Hi All,
I 'm running stream on a dual socket 12-core Magny Cours server. The node inventory is
$ numactl --hardware
available: 4 nodes (0-3)
node 0 cpus: 0 1 2 3 4 5
node 0 size: 8066 MB
node 0 free: 5732 MB
node 1 cpus: 6 7 8 9 10 11
node 1 size: 8080 MB
node 1 free: 7968 MB
node 2 cpus: 18 19 20 21 22 23
node 2 size: 8080 MB
node 2 free: 7651 MB
node 3 cpus: 12 13 14 15 16 17
node 3 size: 8080 MB
node 3 free: 7974 MB
node distances:
node 0 1 2 3
0: 10 20 20 20
1: 20 10 20 20
2: 20 20 10 20
3: 20 20 20 10
(1) OMP_NUM_THREADS=4 numactl -C 0,6,12,18 ./stream_c.exe
-------------------------------------------------------------
Function Rate (MB/s) Avg time Min time Max time
Copy: 30783.8826 0.0130 0.0125 0.0131
Scale: 30449.8192 0.0129 0.0126 0.0131
Add: 31962.5209 0.0183 0.0180 0.0185
Triad: 34557.0669 0.0168 0.0167 0.0169
-------------------------------------------------------------
have you found your response ? what is your compilation options ?
thanks
Originally posted by: s1974 have you found your response ? what is your compilation options ?
thanks
It is important to be aware that the "numactl -C" option defines the *set* of cores where threads can be run, not a *list* of cores to which the individual threads are bound. Although Linux schedulers usually leave threads on the core where they are started, there is no guarantee that this will be the case unless each thread is individually bound to a specific core. I use "sched_setaffinity()" inside an OpenMP parallel loop to provide this binding. (In most OpenMP implementations the mapping of OpenMP threads to O/S threads is guaranteed to remain the same across multiple parallel sections as long as the number of parallel threads requested is not changed.)
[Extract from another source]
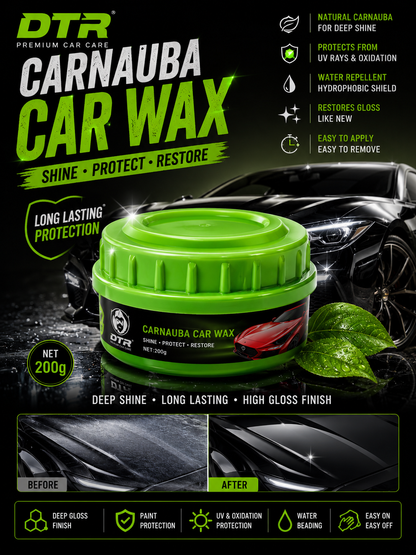 DTR Car Wax Polish – Long-Lasting Shine & Protection for Cars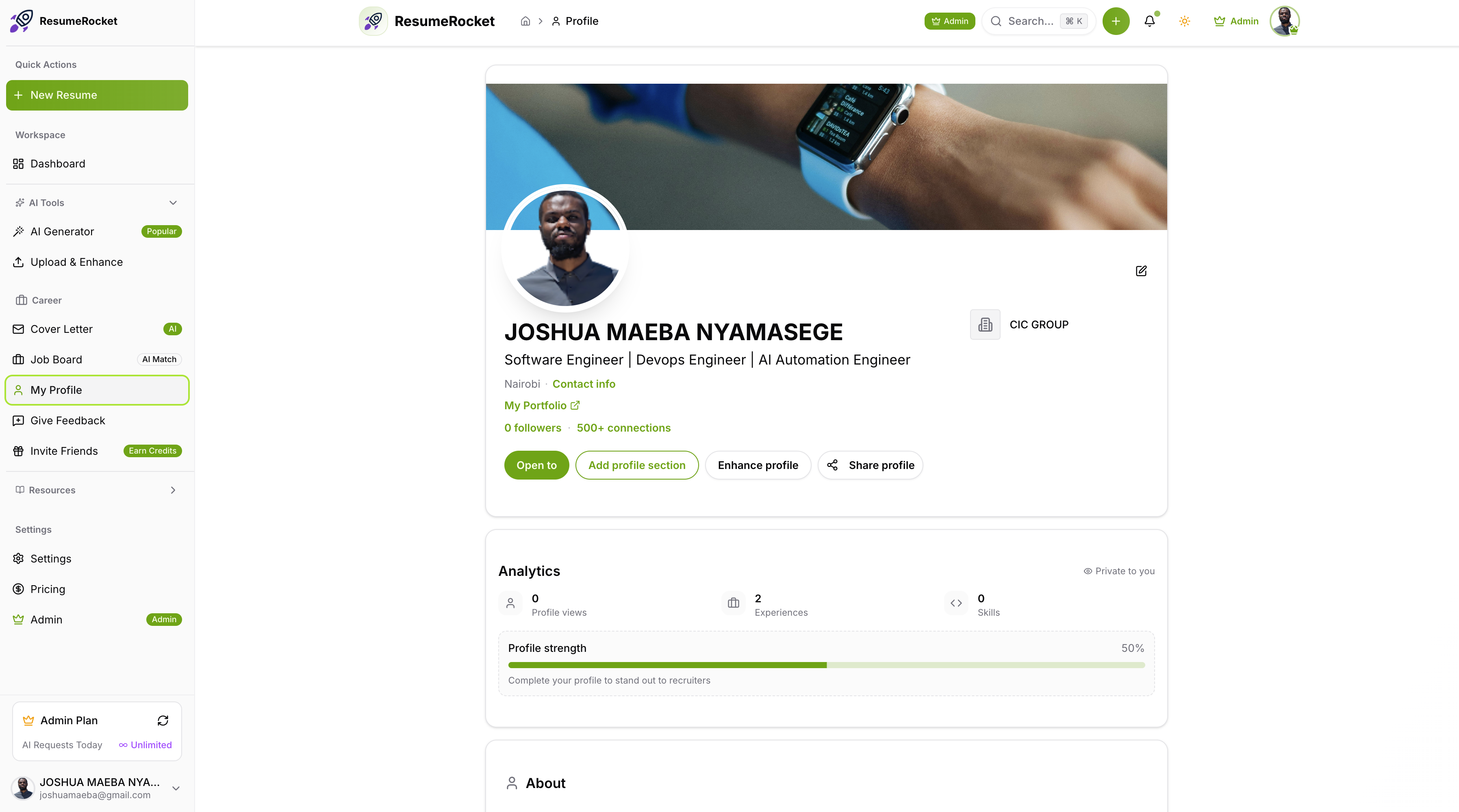 ResumeRocket gallery image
Similarly, the "numactl -m" option defines the *set* of nodes where memory can be allocated, not a *list* of nodes to which the individual threads allocate their memory. The standard version of the STREAM benchmark (when compiled with OpenMP support) initializes the arrays in a parallel section using the same loop constructs as the benchmark kernels. This works very well with a "first touch" data placement policy, which is the default on many systems and which is explicitly forced by "numactl -l".
To guarantee processor/data affinity for the whole benchmark run, I usually add explicit code to bind the threads to specific cores *before* the data initialization loop. If I want to test remote memory access, I add a second set of calls to "sched_setaffinity()" *after* the data is initialized and *before* the benchmark kernels.
Some compilers support OpenMP thread binding controlled by environment variables -- these work well with the OpenMP implementation in the standard version of STREAM. The use of "sched_setaffinity()" is uglier, but I have been able to make it work with all C compilers on Linux that support OpenMP.
The results you obtained with your third test case suggest that all of the data was allocated on on "node" (probably node 0) so only 1/4 of the aggregate system bandwidth was available to the four threads.